It’s difficult to get on with any work with these wee squirrels around. I watch them for hours and I’m gradually getting better at distinguishing the main two that come to the garden (I’ve only once seen three so this might in due course throw my ID theories out of the window). The ‘resident’ squirrel, which is visible burying nuts most of the day, comes down the ‘squirrel feeder’ tree on the right hand side. It definitely has a (very) slightly darker tail and lacks the light coloured tip to its tail that the ‘interloper’ has. The interloper (in the garden only in the morning and late afternoon), when leaving the feeder, usually jumps – no, leaps – to the next tree, a distance of some five feet, then runs down that trunk. The other afternoon they seemed to have established a sort of truce: while one is burying a nut the other obtains a nut for burying from the feeder. This seems sensible to us and clearly works for the squirrels.When I was watching them the other morning a weasel ran past the bottom of the ‘feeder’ tree. It was tiny and, though I suppose it could kill a squirrel if it got hold of it, I didn’t think it would be much of a threat. If it can catch some of the rats and mice that come in about then it is more than welcome. I saw it half an hour later, still in the same area and running round a large fern. I’ve not seen it since, though I did see a weasel two days later running across the road near the house of one of my neighbours. Maybe the same one, but maybe there is a litter of them on the go. There was a tawny owl in the garden the other night. It would take a weasel as well as a mouse or rat. It’s a hard life being a wild animal.

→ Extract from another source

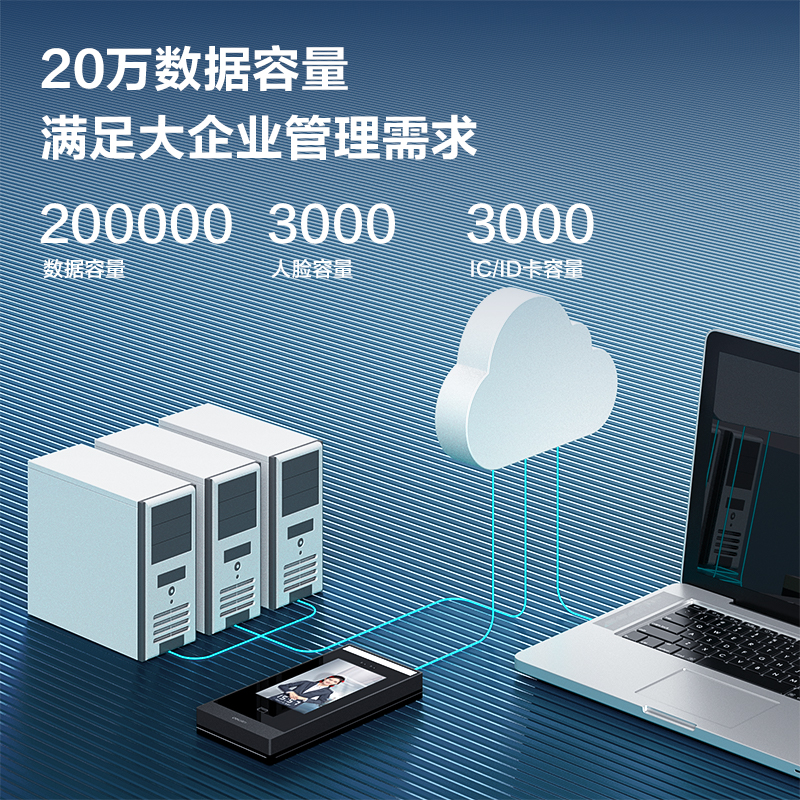 51fun吃瓜AL950C人臉門（mén）禁（jìn）機(銀黑)(台)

My grand-daughter, Freida, was recently working in the garden emptying some of the flower pots on the front and back steps of their now frosted plants. She asked me if I had been burying peanuts in the flower pots. I know who the culprits are!
So back to the missing duck story from the last episode: the missing duck coincided with a missing rat trap. I have two tunnel traps set for rats from September to April near the shed where the ducks spend their nights, safe from foxes. These catch about 40 rats per annum which, if left to breed, would overrun my garden. On the morning at issue when I let my ducks out – and realised I was one short – I also saw that the two concrete roof tiles forming the top of the tunnel had been knocked off. Closer inspection revealed the Fenn trap (a break-back trap) was missing. Strangely there was a very young rat lying near where the trap should have been, and appeared to have been left by the mystery culprit in exchange for an adult rat in the trap. This is not the first time this has happened: the same thing occurred around the end of July. I found the trap lying 20 yards away at the side of the burn, with the remains of a well-devoured rat still attached. At that time I thought the culprit was a mink, and borrowed a couple of live-catch mink traps from gamekeeper George Simmons, without success. With the missing trap and the missing duck, I was still thinking mink.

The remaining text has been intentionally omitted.